Francesco e Leone passano la notte a mezz’ora di cammino dal borgo, bivaccando sulla spianata erbosa dove sarà costruito, 31 anni più tardi, il convento francescano di Sant’Igne. Poi passano ai piedi della più alta e spettacolare delle pareti rocciose che difendono San Leo, e superano la ripida rampa che un secolo più tardi verrà citata da Dante nel Purgatorio. Oltrepassata una porta difesa da armigeri, i due si affacciano sulla piazza nel cuore dell’abitato. Non sappiamo se prima si raccolgano in preghiera nell’una o nell’altra delle due chiese. E’ noto invece che, nel bel mezzo della festa, Francesco, in pieno “fervore di spirito”, sale su un muretto e inizia a predicare.
La sua omelia prende spunto dai versi di una canzone d’amore appena conclusa da un giullare: “Tanto è quel bene ch’io aspetto/che ogni pena mi è diletto”. Poi prosegue esaltando le virtù dell’amore sacro di fronte all’amore profano, e la forza della sua predicazione infiamma rapidamente gli astanti.
Il più colpito di tutti è il conte Orlando da Chiusi, un nobile del non lontano Casentino, che dona a Francesco la montagna dove sorgerà uno dei suoi conventi più noti, la Verna. Un documento redatto nel 1247 dai suoi figli conferma che Orlando “a voce diede, donò e concesse liberamente a frate Francesco, ai suoi compagni e ai suoi frati sia presenti sia futuri, nell’anno del Signore 1213, l’8 di maggio, il monte della Verna”. Una lapide moderna, sulla piazza di San Leo, ricorda la donazione. Oggi la straordinaria imponenza della rupe e del castello, le figure di rilievo (primo fra tutti Cagliostro, che vi morì nel 1795) che furono imprigionate nelle sue segrete, la vicinanza al litorale di Rimini hanno fatto di San Leo una delle mete più frequentate di questa parte d’Italia.
Raccolti e suggestivi dall’autunno alla primavera, il borgo e la fortezza che lo domina si trasformano nel cuore dell’estate – al pari della vicina San Marino – in una rumorosa succursale delle spiagge, dove avvicinarsi all’avventura spirituale di Francesco diventa un’impresa ardua. Basta poco, però, per ritrovare il carattere della San Leo del passato. D’inverno, in una giornata di vento, una passeggiata lungo gli spalti del forte permette di sentire appieno l’isolamento di questa rupe a metà strada tra l’Adriatico e l’Appennino. D’estate le ore del mattino consentono di apprezzare i panorami non ancora velati dalla foschia verso la valle del Marecchia e le rupi di Perticara e Maioletto, gli elegantissimi interni delle due chiese romaniche, gli echi e i cupi silenzi dei cortili, delle scale, dei saloni e delle celle del forte.
Chi vuole avvicinarsi alla semplicità e allo stretto rapporto con la natura di Francesco non deve mancare, però, una visita al convento di Sant’Igne, costruito a partire dal 1244 nel luogo della sosta notturna del santo e dell’inseparabile fratello Leone. Dotato alla fine del Duecento di un elegante chiostro, arricchito nel secolo successivo da una bella chiesa, il convento versa oggi in condizioni piuttosto cattive, e può essere visitato solo prendendo accordi con l’ufficio turistico di San Leo. Qui passa uno degli itinerari a piedi più piacevoli del Montefeltro. Per chi proviene da Pietracuta e Tausano, l’improvvisa apparizione – pochi minuti oltre Sant’Igne – della parete rocciosa di San Leo è un momento di straordinaria emozione.

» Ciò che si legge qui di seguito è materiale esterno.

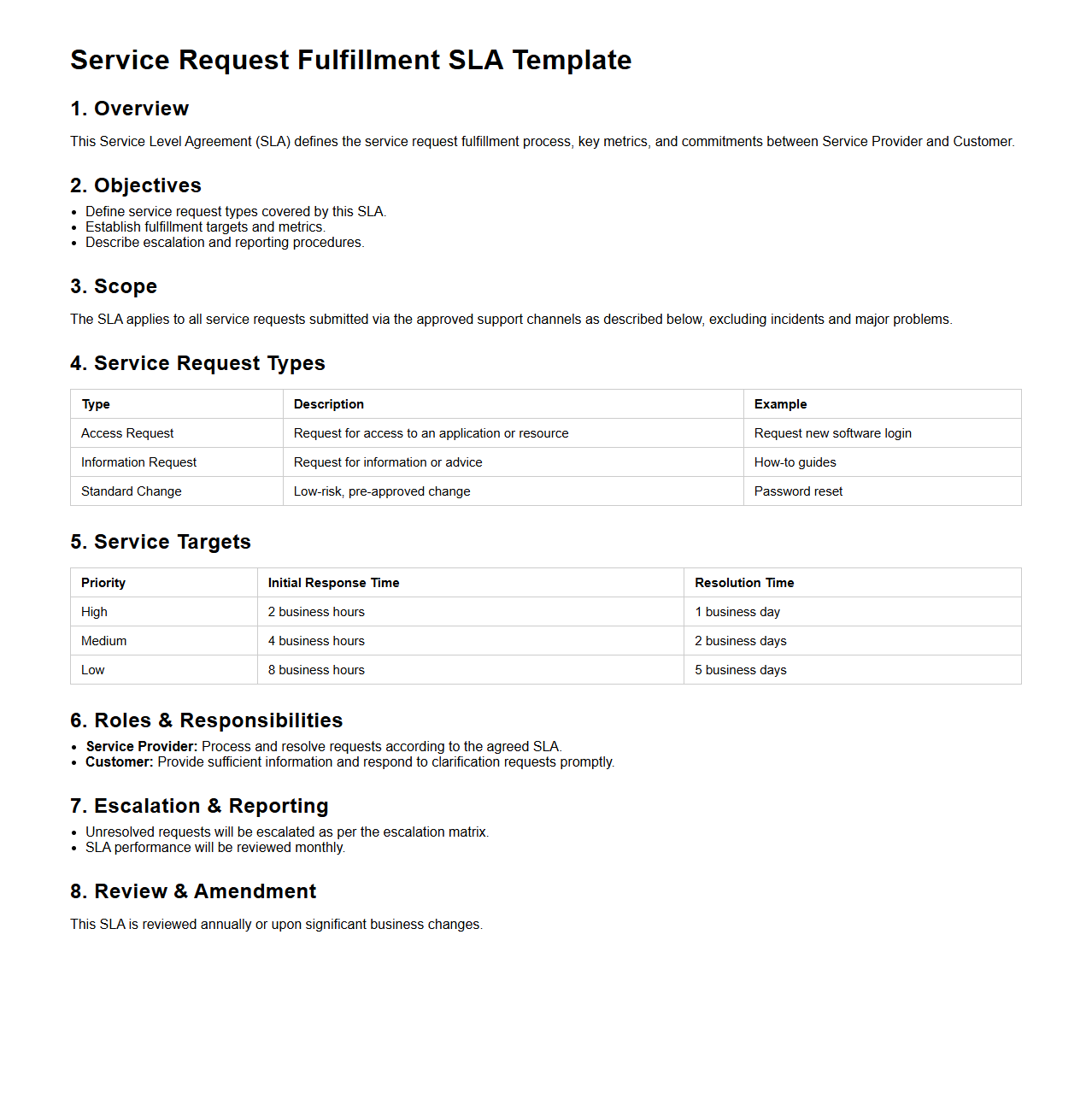 Service Request Fulfillment SLA Template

PleinAir 314 – settembre 1998

 

 

 

 

 

 

 

 

 

 

 

________________________________________________________

Tutti gli itinerari, i weekend, i diari di viaggio li puoi leggere sulla rivista digitale da smartphone, tablet o PC. Per gli iscritti al PLEINAIRCLUB l’accesso alla rivista digitale è inclusa.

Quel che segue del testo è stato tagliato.